Modern multi-core CPUs use protocols like the MESI protocol to handle cache coherence.
First, I want to understand a more basic protocol - MSI - in a general way.
To keep things simple, some details are skipped in this article.
A more thorough analysis us found in this lecture[1].
Beginning
In this sketch, there are 2 cores “P1” and “P2”. Each has a private cache. Both caches are empty.
Main memory contains the truth.
P1 Reads Variable A
The first simple transaction is that P1 reads a variable “A”.
Since P1’s cache is empty, the underlying hardware issues a “bus read” transaction which drags the information out of main memory and puts it into P1’s cache.

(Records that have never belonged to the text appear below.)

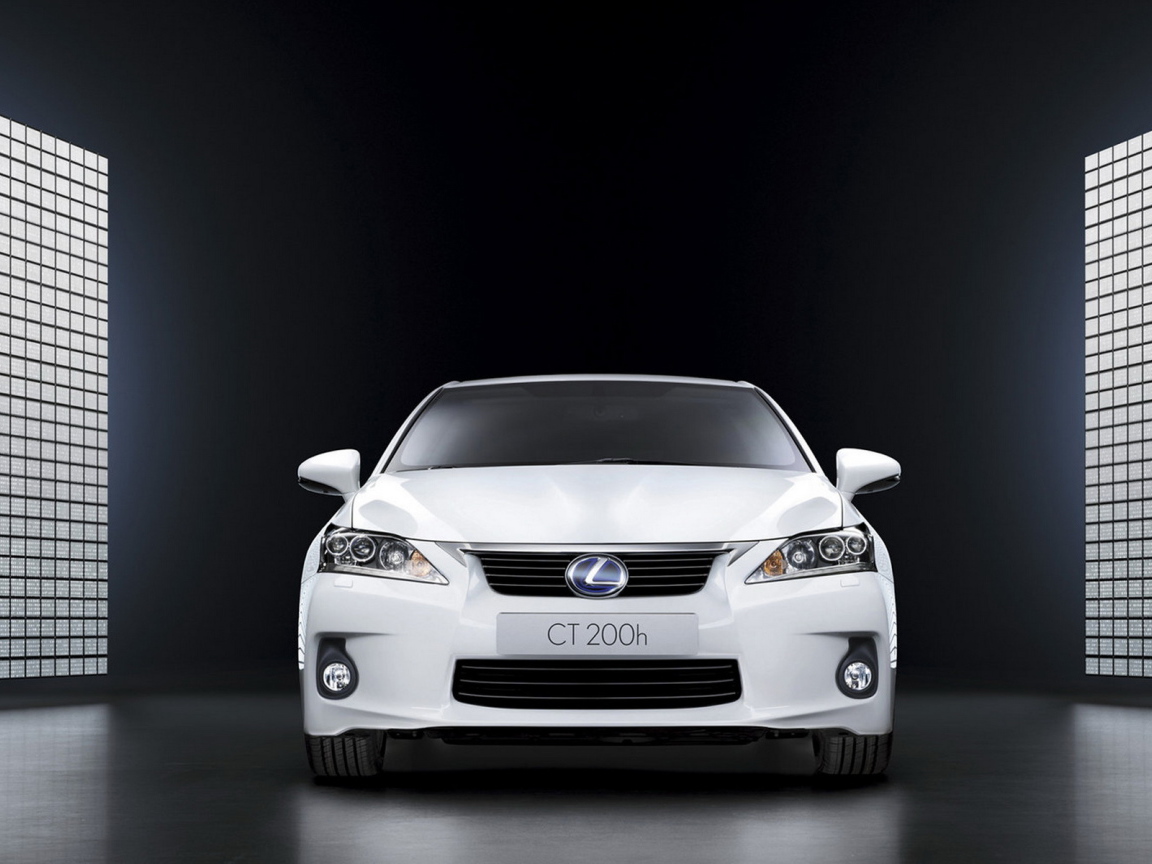 Лекcус СТ 200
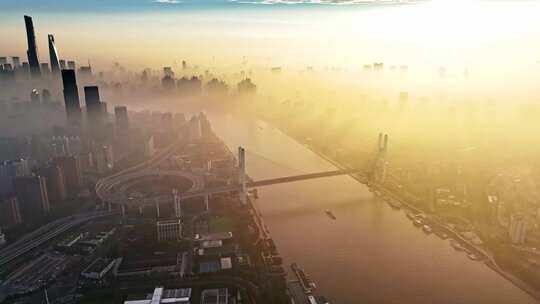 南浦大桥 陆家嘴 黄浦江 上海城市日出 晨雾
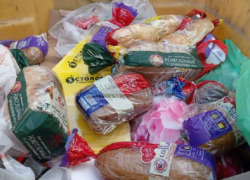 Таганрожцев взволновал хлеб, выброшенный в мусор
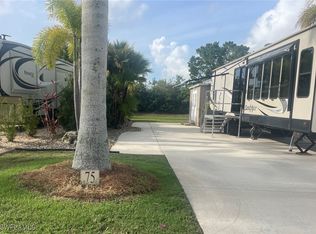 5252 Cypress Trail Resort Cir, Fort Myers, FL 33905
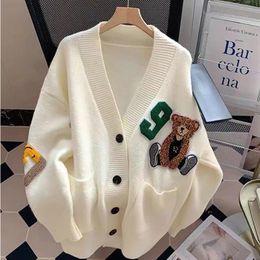 Bear Print Cardigan Autumn Winter Sweater Single Breasted Coat Pockets Button Up Cardigan Streetwear Long Sleeve Knitted Tops 240131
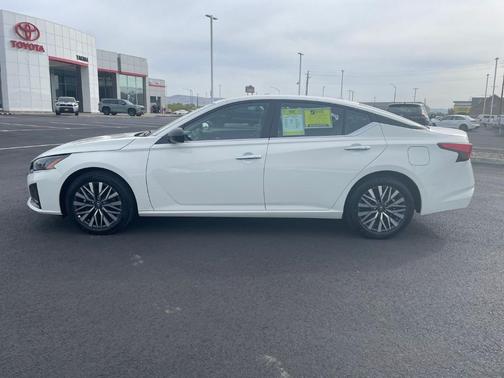 Glacier White 2025 Nissan Altima SV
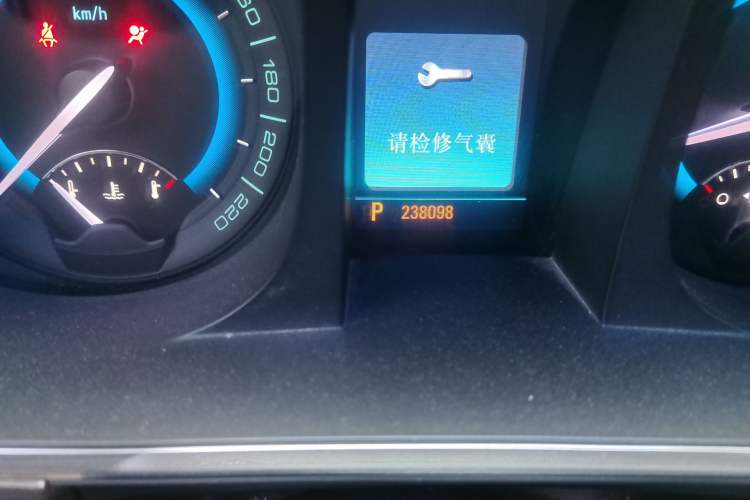 Used Buick GL8 2011 3.0L GT Luxury Business Haoya Edition Odometer Close Up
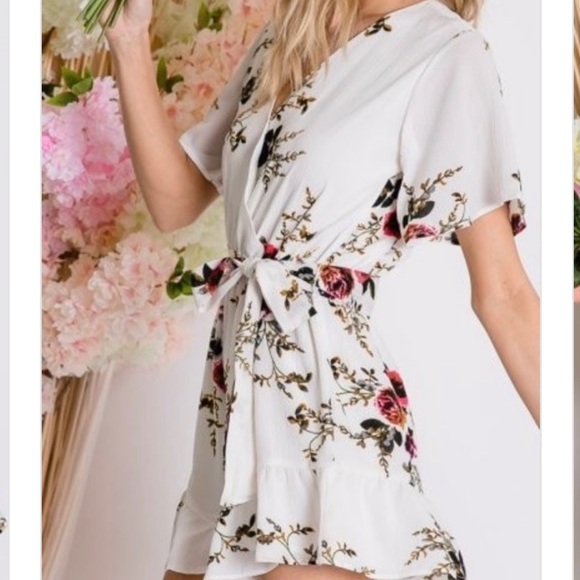 ✨LAST ONE!✨ The Maeven Romper - Picture 8 of 8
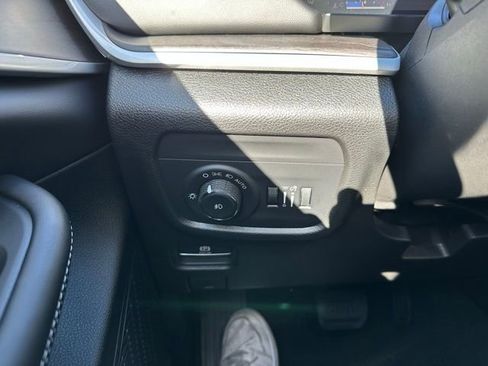 New 2025 Jeep Grand Cherokee L Limited image 26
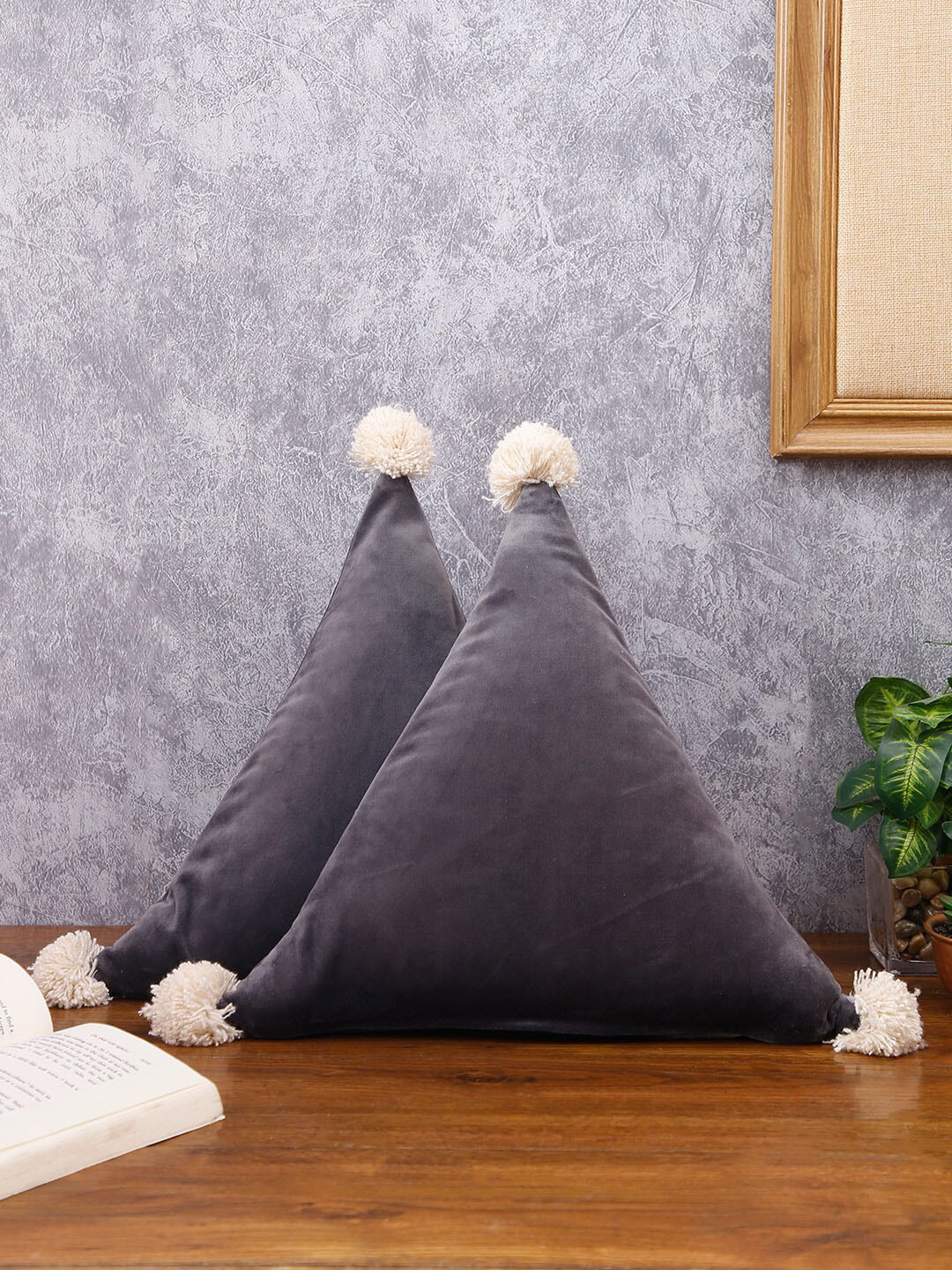 eyda Set of 2 Grey Solid Velvet Triangle Floor Cushions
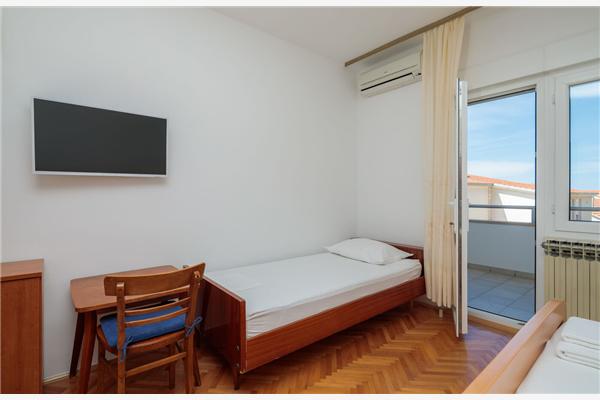 Room S2, for 3 persons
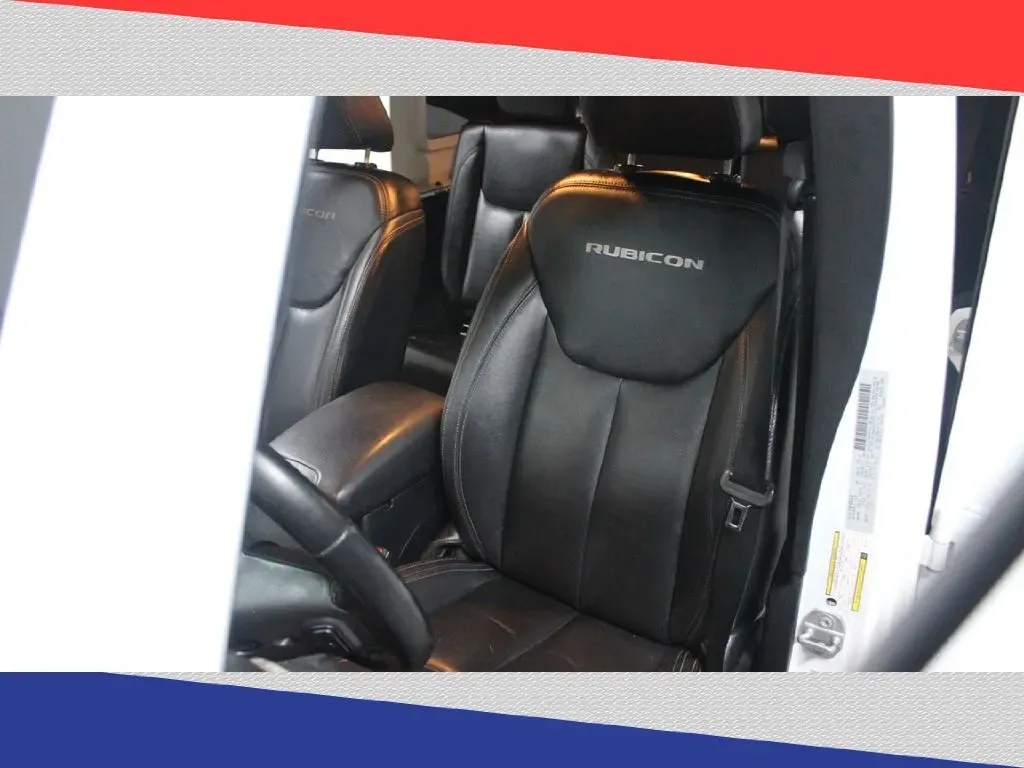 2016 Jeep Wrangler Unlimited Rubicon 4WD (1C4BJWFG8GL) with an 3.6L V6 DOHC 24V FFV engine, Automatic transmission, located at 5170 N La Cholla Blvd, Tucson, AZ, 85705, (520) 989-0282, 32.228245, -111.011742 - **Discover Your Adventure with the 2016 Jeep Wrangler Sport Available Now at Goliath Auto Sales!**<br /> <br /> Are you ready to elevate your weekend adventures or daily commutes with a vehicle that can handle both with ease? Look no further than this 2016 Jeep Wrangler Sport, the ultimate SUV for - Photo#11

P1’s cache goes to state “S” (“shared”).
P1 Writes Variable A
Next, P1 writes to variable “A”.
This happens locally in P1’s cache, but, the cache’s state goes to “M” (“modified”). Other caches are expected to watch (“snoop”) P1’s cache state and then update local caches and main memory as needed.
P2 Writes Variable A
Next, P2 begins to fool with variable “A”. P2 writes to “A”.
Now, P2’s cache goes to state “M” (“modified”) and P1’s cache is forced back into state “I” (“invalid”).
P1 Reads Variable A
Next, P1 reads “A”, again.
This time, the hardware notices that P1’s cache in invalid and sucks the data out of main memory. This, in turn, causes the hardware to suck the information out of P2’s cache into main memory.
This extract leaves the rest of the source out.